Loading [MathJax]/extensions/TeX/boldsymbol.js

Bagging

The plain decision trees suffer from high variance. This means that if we split the training data into two parts at random, and fit a decision tree to both halves, the results that we get could be quite different. In contrast, a procedure with low variance will yield similar results if applied repeatedly to distinct data sets; linear regression tends to have low variance, if the ratio of $n$ to $p$ is moderately large.

Bootstrap aggregation, or just bagging, is a general-purpose procedure for reducing the variance of a statistical learning method.

Bagging typically results in improved accuracy over prediction using a single tree. Unfortunately, however, it can be difficult to interpret the resulting model. Recall that one of the advantages of decision trees is the attractive and easily interpreted diagram that results.

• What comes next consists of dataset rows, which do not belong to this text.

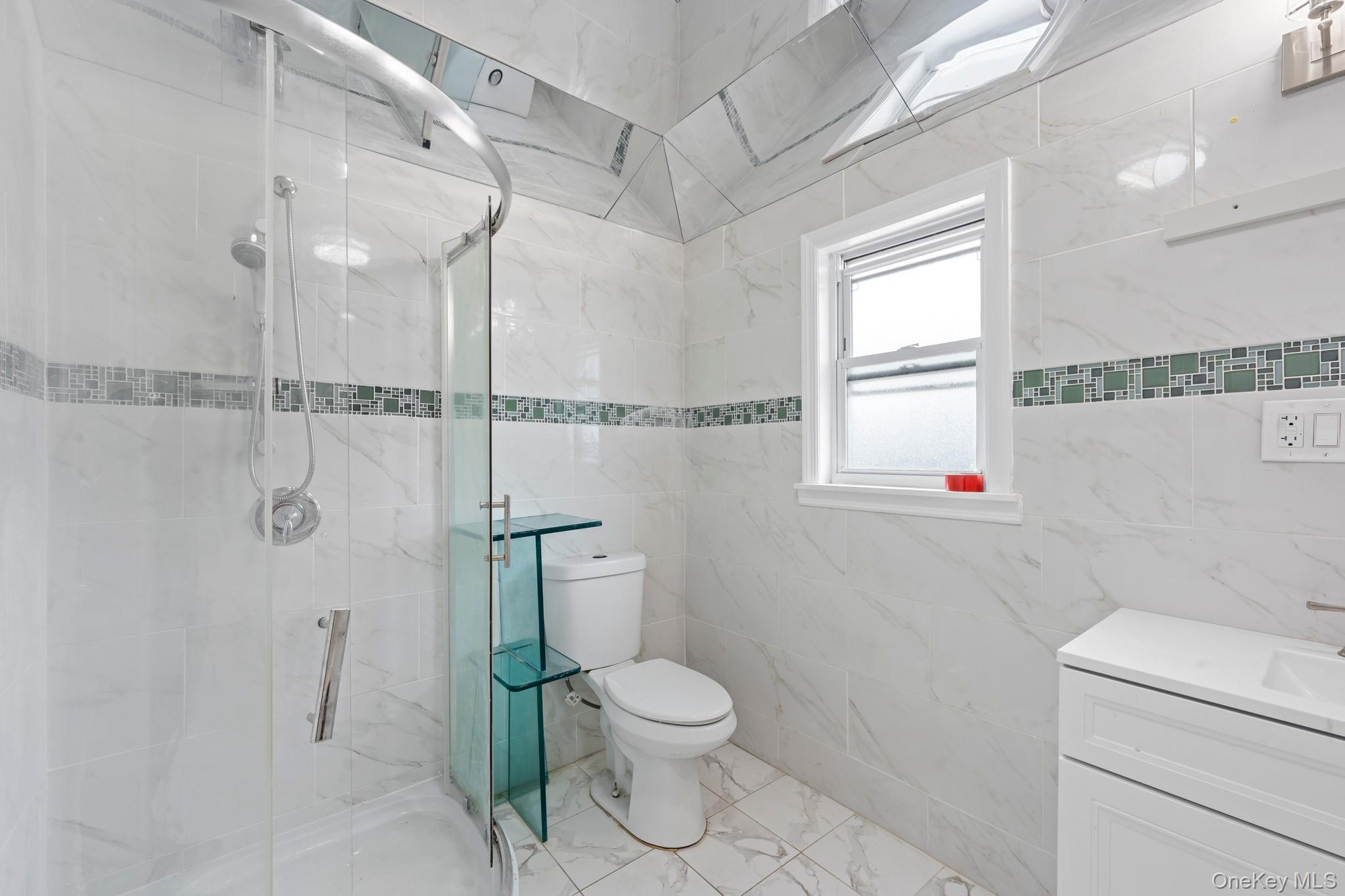 Single Family 138th Road  Queens, NY 11413, MLS-1035650-9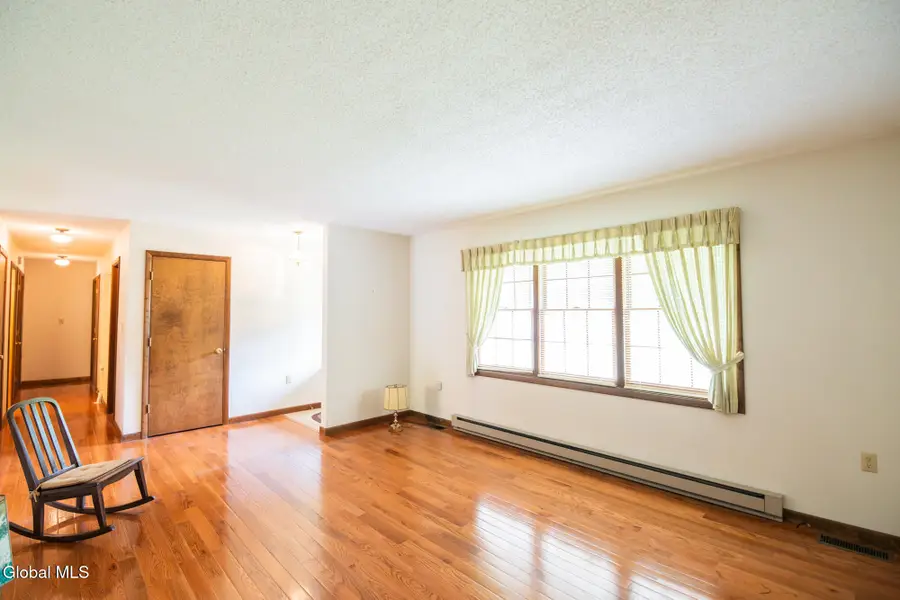 21 Helen Drive, Queensbury, NY 12804 - #3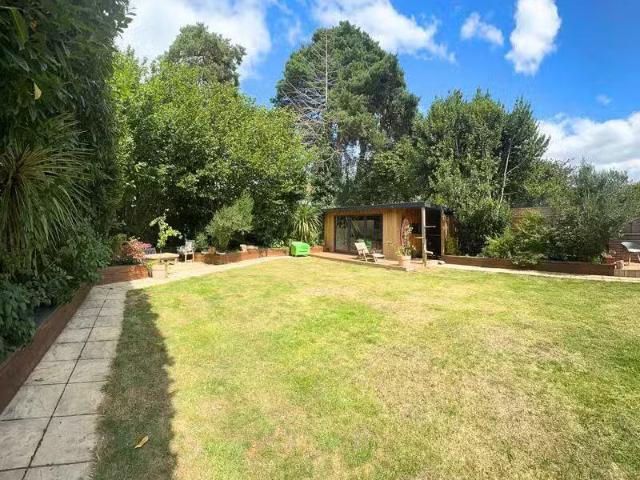 Just in! 2 BA 5 bedroom detached house for rent in Richmond Wo.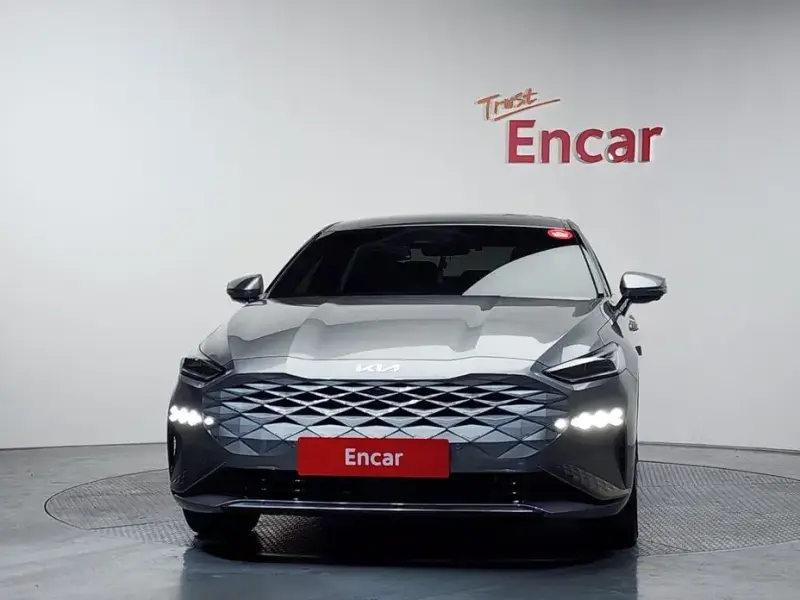 2023 Kia K8 с пробегом 46 112 км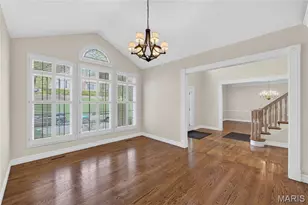 1747 Baxter Forest Valley Ct, Chesterfield, MO 63005 - Photo 8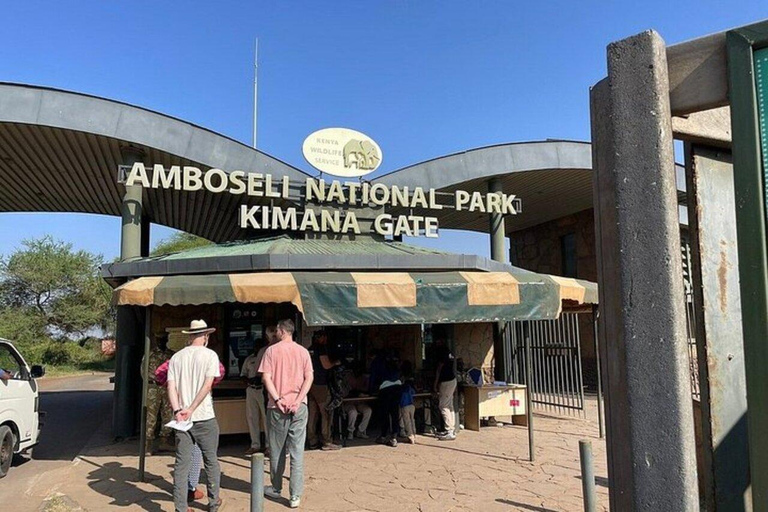 Nairobi: 2-Day Amboseli National Park Private Safari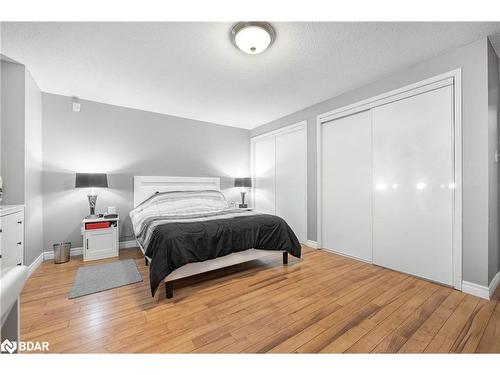 101 Highland Drive, Oro-Medonte, ON - Indoor Photo Showing Bedroom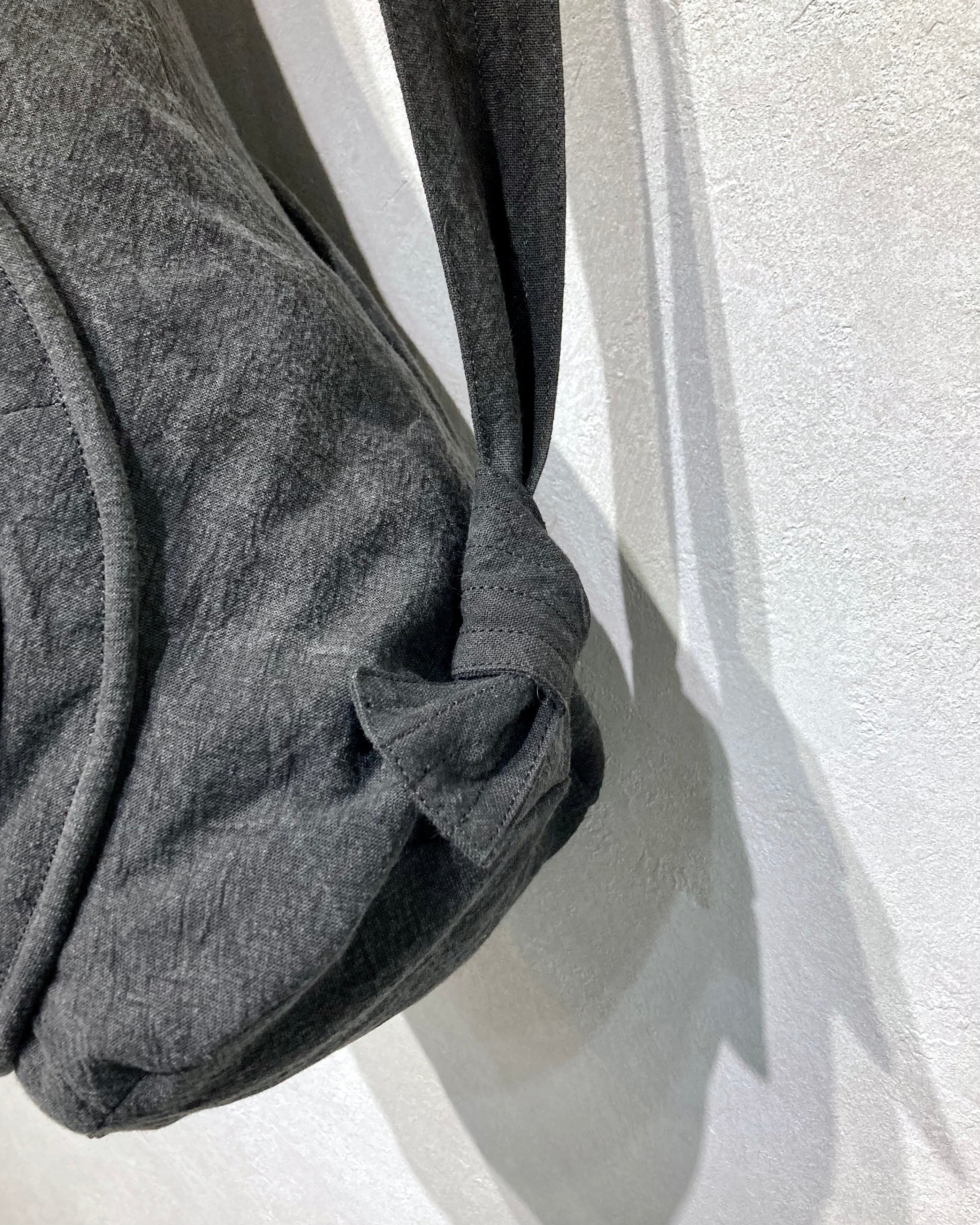 JIAN YE / TAO BAG - Charcoal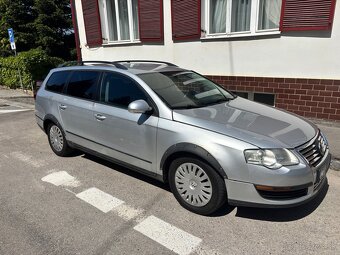 Volkswagen Passat B6 1.9 TDI 77kW - 11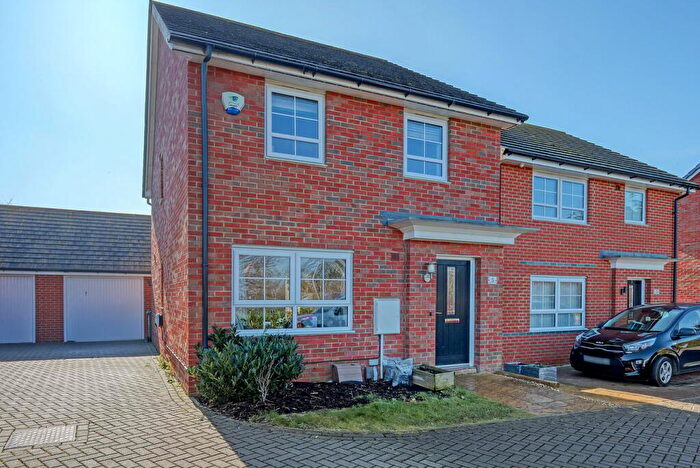 3 Bedroom Detached House For Sale In Walton Hall Drive, Felixstowe, IP11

However, when we bag a large number of trees, it is no longer possible to represent the resulting statistical learning procedure using a single tree, and it is no longer clear which variables are most important to the procedure. Thus, bagging improves prediction accuracy at the expense of interpretability. Although the collection of bagged trees is much more difficult to interpret than a single tree, one can obtain an overall summary of the importance of each predictor using the MSE (for bagging regression trees) or the Gini index (for bagging classification trees). In the case of bagging regression trees, we can record the total amount that the MSE is decreased due to splits over a given predictor, averaged over all $B$ possible trees. A large value indicates an important predictor. Similarly, in the context of bagging classification trees, we can add up the total amount that the Gini index is decreased by splits over a given predictor, averaged over all $B$ trees.